TSH (thyroid stimulating hormone)

  • TSH (thyroid stimulating hormone) is a hormone produced by the pituitary gland and stimulates thyroid function.

  • Elevated TSH levels are slightly more common in cases of malignancy, but this finding does not definitively indicate cancer.

  • Low TSH levels are seen when the thyroid is overactive; if a nodule is also present, a thyroid scintigraphy should be performed.

  • A toxic adenoma, or a hyperfunctioning nodule identified on scintigraphy, is almost always benign, and a biopsy is rarely needed.

Nodule dimensions

  • Nodules smaller than 1 cm usually do not require further diagnostic testing and the decision is made by the treating physician.

  • Nodules larger than 2 cm are almost always biopsied.

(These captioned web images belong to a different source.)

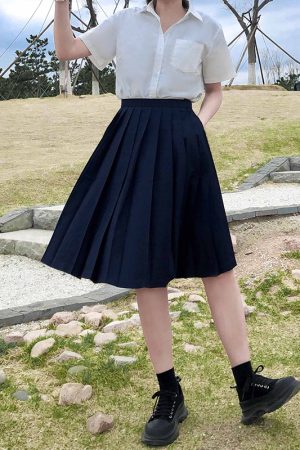 Flared Umbrella Pleated Midi Skirt - High-Temperature Slimming Design, A-Line, Wrinkle-Resistant, Versatile for Spring & Summer Wear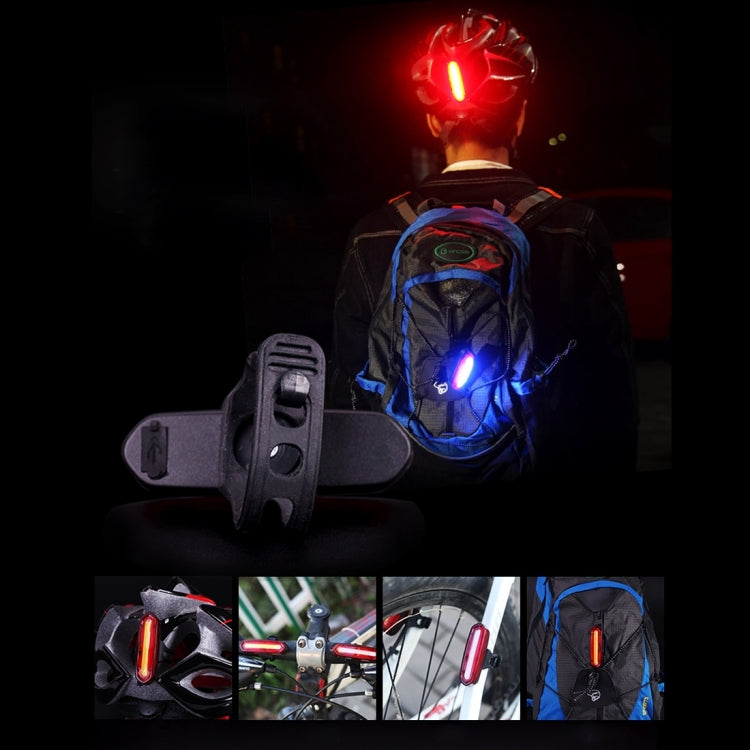 AQY-096 IPX4 Abnehmbares USB Wiederaufladbares Dual-Farb LED Fahrrad-Rücklicht, Weiß & Rot, Blau & Rot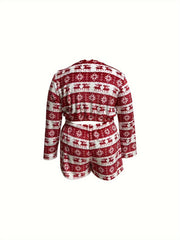 Women's Plus Elk & Snowflake Flannel Crop Top & Shorts Pajamas Set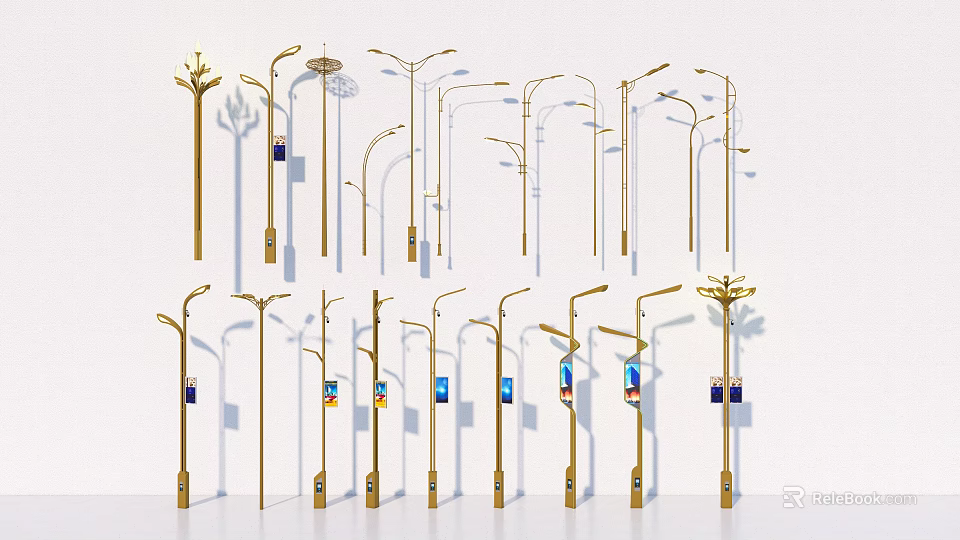 Modern Golden Outdoor Lights With Multiple Styles For Street And Garden Use 3d model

Nodules suspicious for malignancy

When a nodule is detected in the thyroid on ultrasound, it is important to assess its suspicion for malignancy. Certain ultrasound features are more commonly seen in malignant tumors:

  • Hypoechoic nodule

  • Microcalcifications

  • “Taller-than-wide” shape in the transverse view

  • Irregular margins

No single feature alone can definitively confirm that a nodule is malignant. However, the more of these features are present at the same time, the higher the likelihood that the nodule is cancerous.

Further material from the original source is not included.